## Requirement
Beginning with the line that contains "Olio, oliva aggiunto" and ending with the last line of the records, write out each line exactly and omit the pictures.

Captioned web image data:
━━━━
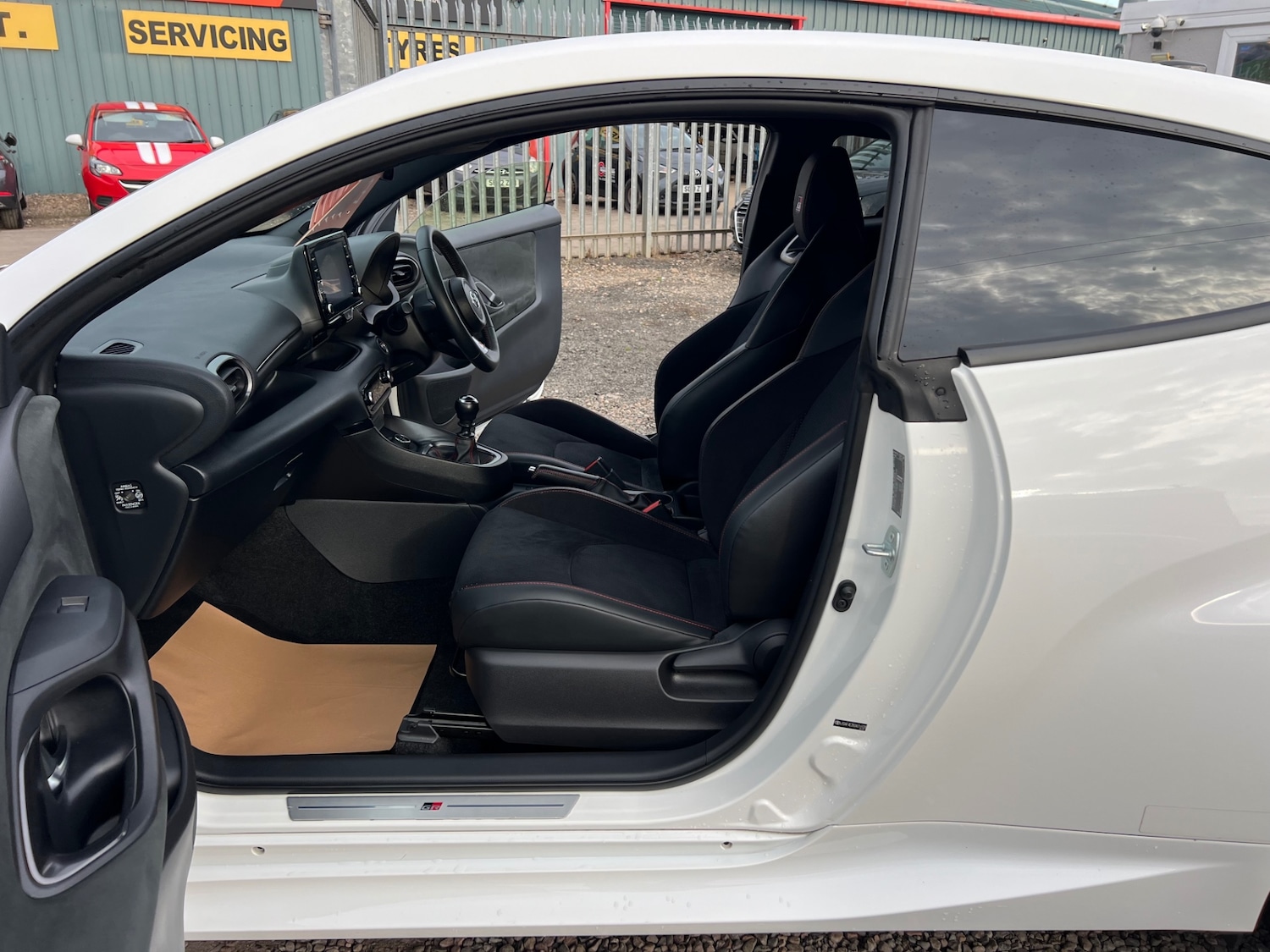 Used Toyota Yaris 2022 for sale - 76211052: Photo 17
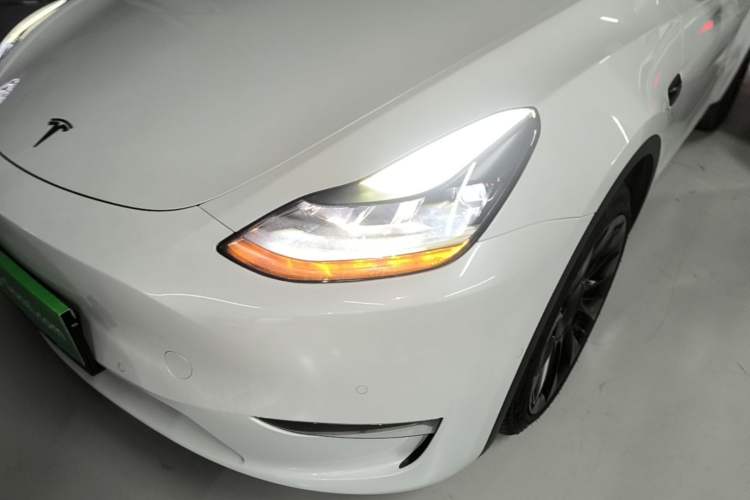 Used Tesla Model Y 2021 Long-Range All-Wheel-Drive Version Left Front Headlight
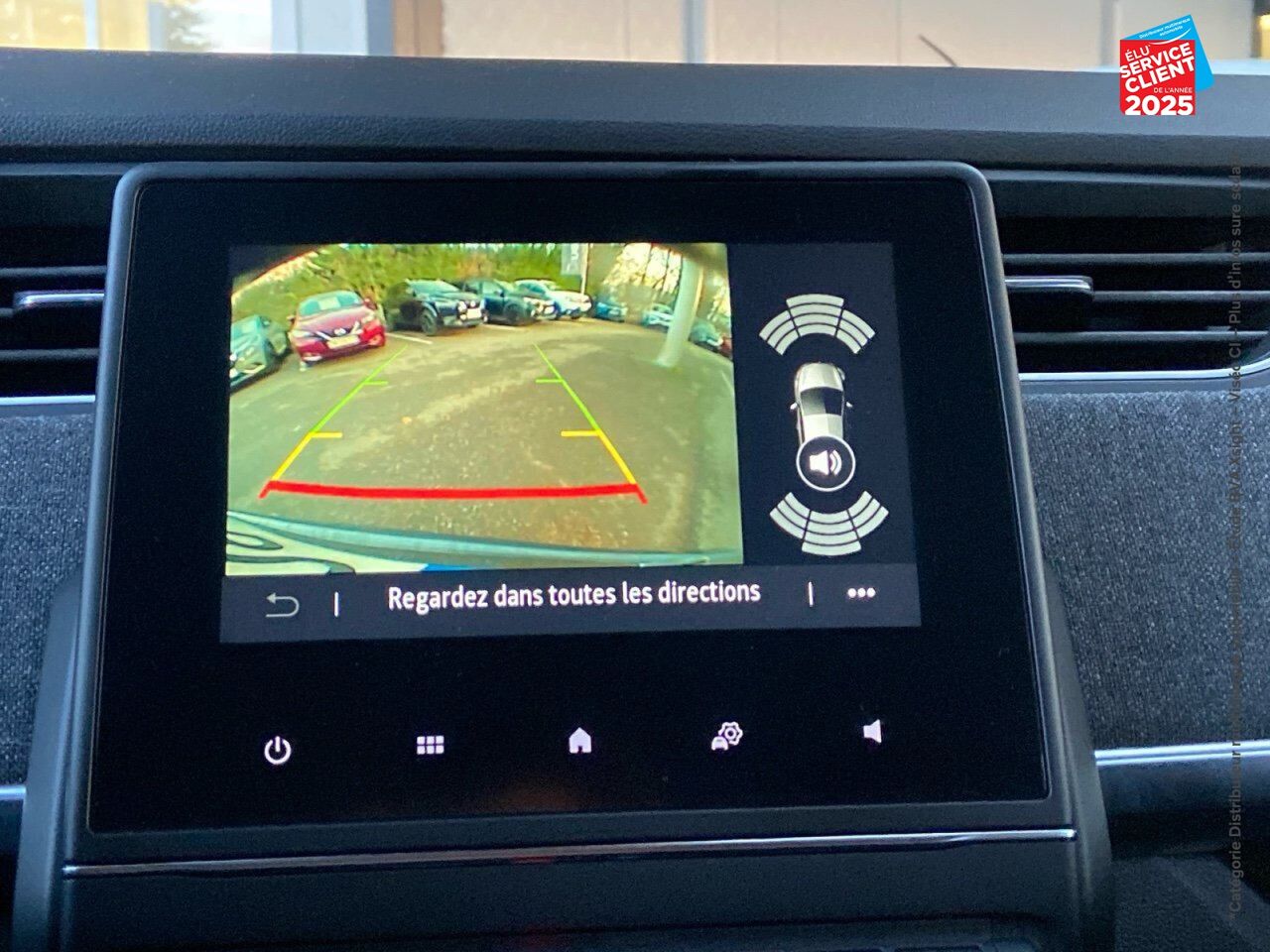Véhicule d'occasion RENAULT ZOE INTENS CHARGE NORMALE R135 - 20 GPS CAMERA chez Hyundai Chalons
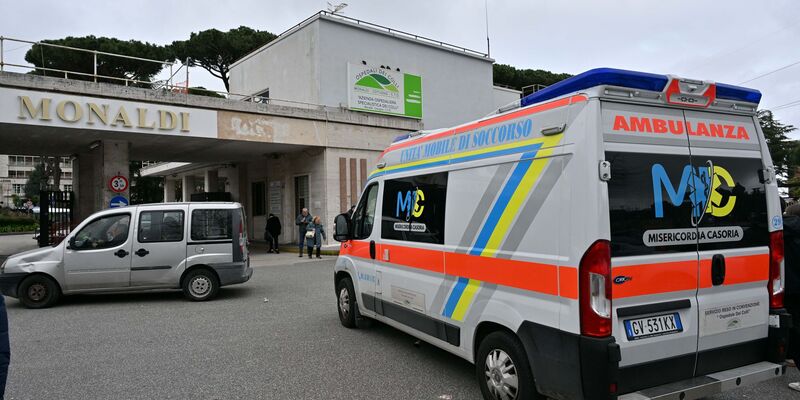 Der kleine Junge wird in der Monaldi-Klinik von Neapel behandelt. - Foto: Felice De Martino/IPA via ZUMA Press/dpa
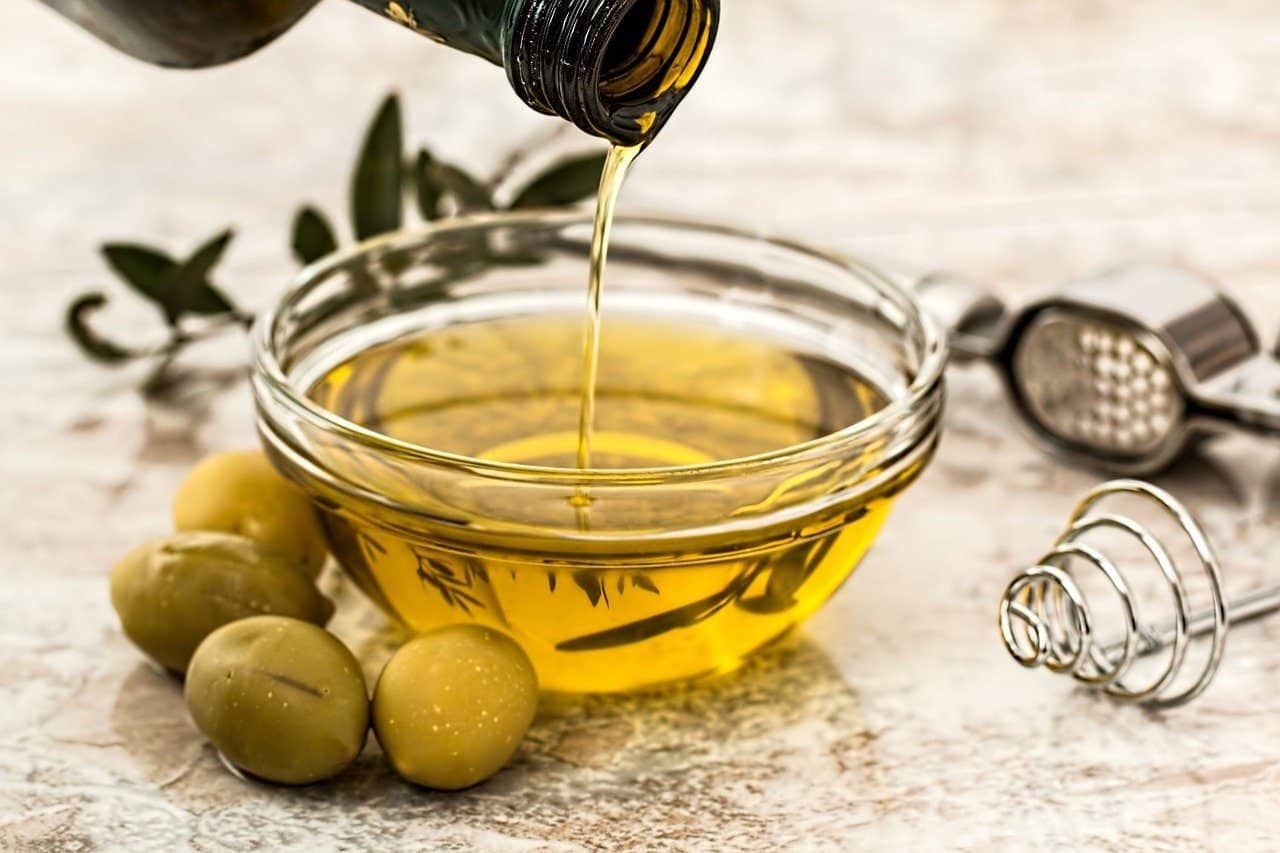 Olio, oliva aggiunto allo zucchero per schiarire gomiti e ginocchia scuri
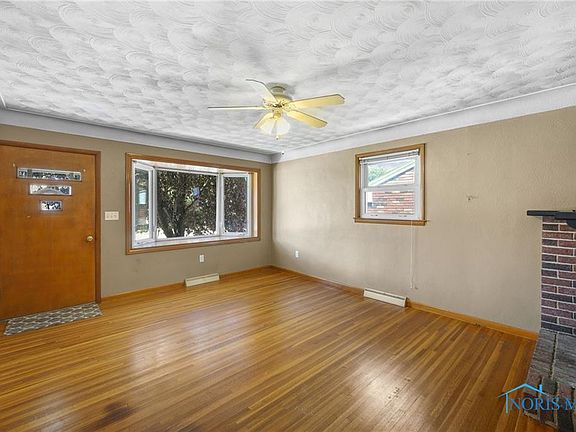 5th image of 20 Santus Dr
━━━━
## Response to the task
 Olio, oliva aggiunto allo zucchero per schiarire gomiti e ginocchia scuri
 5th image of 20 Santus Dr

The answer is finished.